TCT 2016: Women and minorities have a significantly higher risk of death after PCI than white men

Wayne Batchelor
Wayne Batchelor

Data from the PLATINUM DIVERSITY trial, which was presented at the 2016 Transcatheter Cardiovascular Therapeutics (TCT) meeting (29 October–2 November, Washington DC, USA), indicates that the risk of death or myocardial infarction after percutaneous coronary intervention (PCI) is significantly higher among women and minorities than it is among white men. Furthermore, the risk of post-PCI myocardial infarction is significantly increased among minorities.

Wayne Batchelor (Florida State University College of Medicine, Southern Medical Group, Tallahassee, USA) told TCT delegates that the aim of PLATINUM DIVERSITY was to address the lack of available data for women and minorities undergoing PCI, noting that “whites account for 64% of the US population but 85–90% of the PCI volume and patient enrolment in clinical trials”. He added that he and his colleagues sought to determine “if there are significant differences in one-year clinical outcomes between women and minorities compared with white men in the era of second-generation drug-eluting stents”.

Pooling data from the PLATINUM DIVERSITY cohort (1,501 self-identified female and minority patients) and the Promus Element Plus PAS cohort (2,687 patients), Batchelor et al found 4,188 patients—of these, 1,863 were women, 1,635 were white men, and 1,059 were minorities. All patients had undergone PCI with an everolimus-eluting permanent polymer stent (Promus, Boston Scientific). The primary endpoint was the one-year composite endpoint of death, myocardial infarction, and target vessel myocardial revascularisation.

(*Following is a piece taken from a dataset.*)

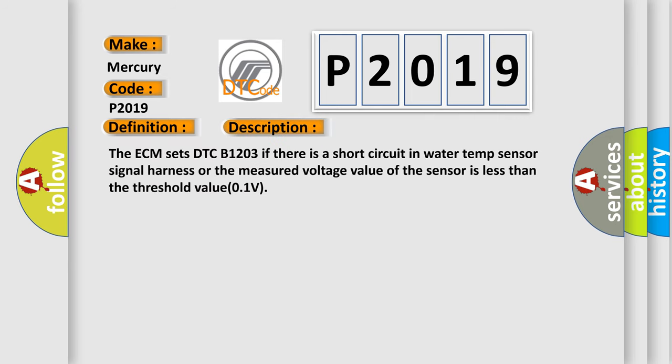The ECM sets DTC B1203 if there is a short circuit in water temp sensor signal harness or the measured voltage value of the sensor is less than the threshold value 0.1V.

Secondary endpoints include death, myocardial infarction, target vessel revascularisation, a composite of death/myocardial infarction, and a composite of death/probable stent thrombosis.

According to Batchelor, there were significant differences between groups at baseline. Women and minorities were, on average, older, had more diabetes, and had more hypertension than white men whereas white men were more likely to present with acute coronary syndromes.  There were also significant differences in the percentage of patients on dual antiplatelet therapy after PCI, with significantly more white men on dual antiplatelet therapy at 12 months than women or minorities—but Batchelor noted that these differences were “numerically small, only 3%”. Despite these differences, the rate of the primary endpoint was similar among groups—8.6% for women and 9.6% for minorities vs. 7.6% for white men (p=0.33 and p=0.08, respectively).

However, when Batchelor et al examined the individual components of the primary endpoint, they found that death was significantly increased in women (3.4% vs. 2.2% for white men; p=0.04) and there was a trend towards increased myocardial infarction (1.9% vs. 1.1%; p=0.06). For minorities, death (3.7%; p=0.03) and myocardial infarction (3.1%; p=0.0002) were both significantly increased compared with white men. Target vessel revascularisation was not significantly increased in either women or minorities. Given the imbalances in baseline characteristics between the three groups, the investigators performed a prespecified multivariate analysis that showed the combined risk of death and myocardial infarction was still significantly increased in both women (odds ratio 1.6; p=0.01) and in minorities (odds ratio 1.9; p=0.004).

Batchelor commented that because there were no significant differences among groups in the rate of target vessel revascularisation or in the rate of definite/probable stent thrombosis “device failure is unlikely to account for the observed differences”. He added: “These results highlight the heterogeneity conferred by sex and race and suggest further study into the biologic, social, behavioural, and economic factors that impact cardiovascular risk after a drug-eluting stent.”

A second aim of the PLATINUM DIVERSITY trial is, Batchelor reported, to “characterise and evaluate the impact of social/behavioural/economic determinants of health and minorities”.  “A lot factors could be playing a role here [as to why there were differences between groups]. The potential influence social and economic factors will be really interesting to discover,” he concluded.

Batchelor told Cardiovascular News: “PLATINUM DIVERSITY is the first study thus far to use a unique ‘enriched enrolment’ design to help close a longstanding research gap that exists within interventional cardiology. My hope is that this will help provide a catalyst for other stakeholders involved in cardiovascular research to be more creative in the way we design and perform clinical cardiovascular outcomes studies that are more reflective of the US population.”